Either way, say you have the plane $x+2y-4z=8$
The normal line will have direction $x=1, y=2, z=-4$
So they are very closely linked. However, I'm having trouble wrapping my head around why that is. How come you can list the normal vector and (along with a scalar) define a plane? I understand that it works, I just wonder how come?
I hope someone can explain this. Thanks!
On
Think of it this way: the plane described by the equation $ax+by+cz = 0$ is the set of all zeros of the function $f(x,y,z) = ax+by+cz$, i.e. the plane is an equipotential of $f$ with the potential $0$. The gradient $\nabla f$ of $f$ at some point is orthogonal to the equipotential at that point, and $\nabla f(x,y,z) = (a,b,c)$. Therefore, $(a,b,c)$ is orthogonal to the plane.
You can, of course, also employ some linear algebra: Let $u=(x_1,y_1,z_1)$ and $v=(x_2,y_2,z_2)$ be two points on the plane. Then we know that $ax_1+by_1+cz_1=0$ and $ax_2+by_2+cz_2=0$. This can be seen as a dot product with the vector $n=(a,b,c)$, i.e. $n\cdot u = 0$ and $n\cdot v = 0$. This then implies $n\cdot (u-v)=0$, i.e. the connecting vector of any two points on the plane is orthogonal to $n$, and therefore $n$ is orthogonal to the entire plane.
Note that this is only true in 3-dimensional space. In 2-dimensional space, it is lines that can be described by a single normal vector; in an $n$-dimensional space, it is $(n-1)$-dimensional hyperplanes.
On
For a really down-to-earth explanation, how about this:
Imagine a satellite dish with a central aerial that you aim at a distant point (the aerial is the normal), and imagine that the "dish" is actually rather flat (this is your plane). Any plane passing through the place where you are can be achieved by rotating your dish appropriately, and you can get to any parallel plane just by moving a fixed distance along the direction your aerial points along.
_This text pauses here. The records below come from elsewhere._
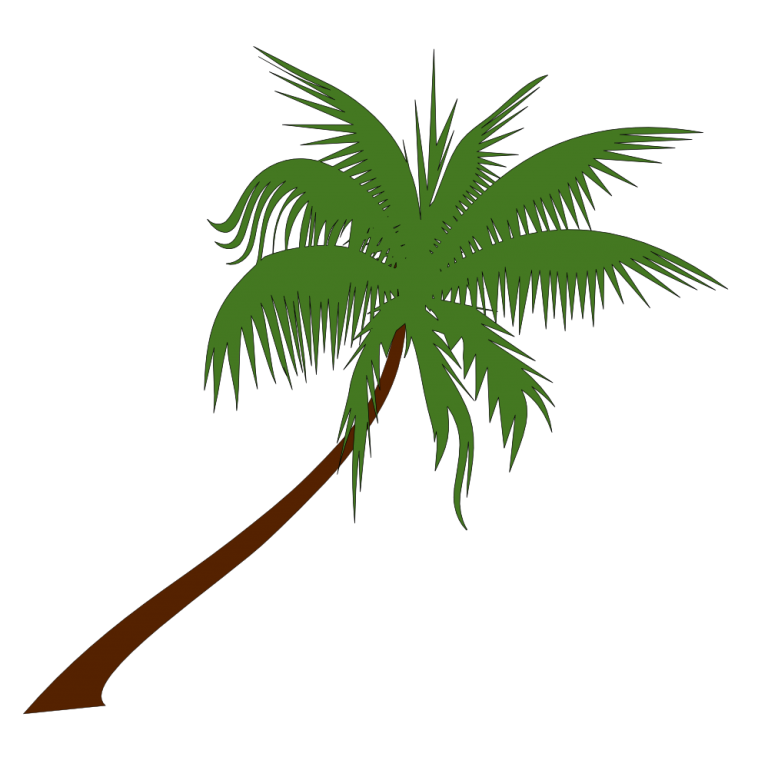 Clip Art Palm Tree Leaves Clipart Wikiclipart 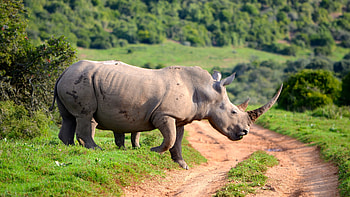 Northern white rhinoceros, Wild Animals HD wallpaper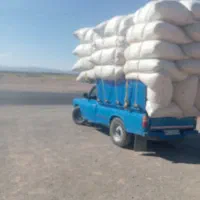 فروش کاه جو و گندم امسالی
So, you just need 2 pieces of information to specify your plane:
On
First, let's work backwards. If we're on the plane, and we head towards the y axis, x and z will head to zero. Then 2y=8, so y=4. So apparently, the point (0,4,0) is on the plane. Notice if we are at any other point in the plane, (x,y,z), then the displacement vector, (x,y,z)-(0,4,0) must be perpendicular to the normal, let's call it n=(a,b,c). Thus the dot product must be zero.
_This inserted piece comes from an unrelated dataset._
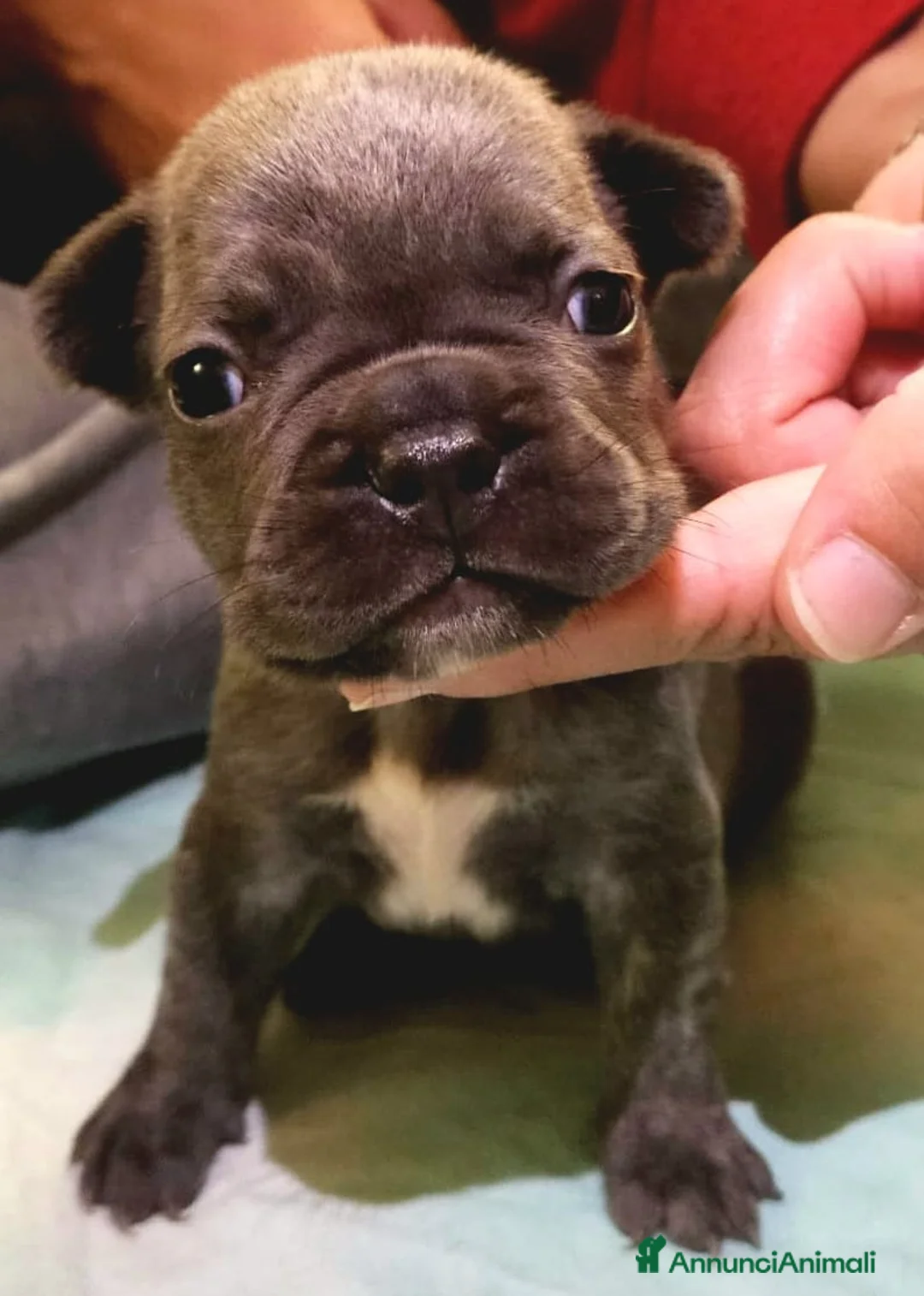 Bulldog Francese cani in vendita: Bulldog Francese esotico  - Annuncio 2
Then n$\cdot$(x,y-4,z)=0, or ax+b(y-4)+cz=0. Or ax+by+cz=4b. But we know we have x+2y-4z=8, so n=(1,2,-4) works.
The logic probably isn't exactly what you wanted, but it may have to do. It's better to remember that
$$n\cdot(r-r_0)=0,$$
since that is the equation most closely associated with the geometry.
View it geometrically. For example, let the normal be the $z$-axis. Geometrically, this makes no difference, since any line could be picked as the $z$-axis. Now you can see what planes have the $z$-axis as a normal. They are just the planes parallel to the $x$-$y$ plane.
Any such plane can be fully identified if you know in addition a single number, namely the height at which the plane meets the $z$-axis.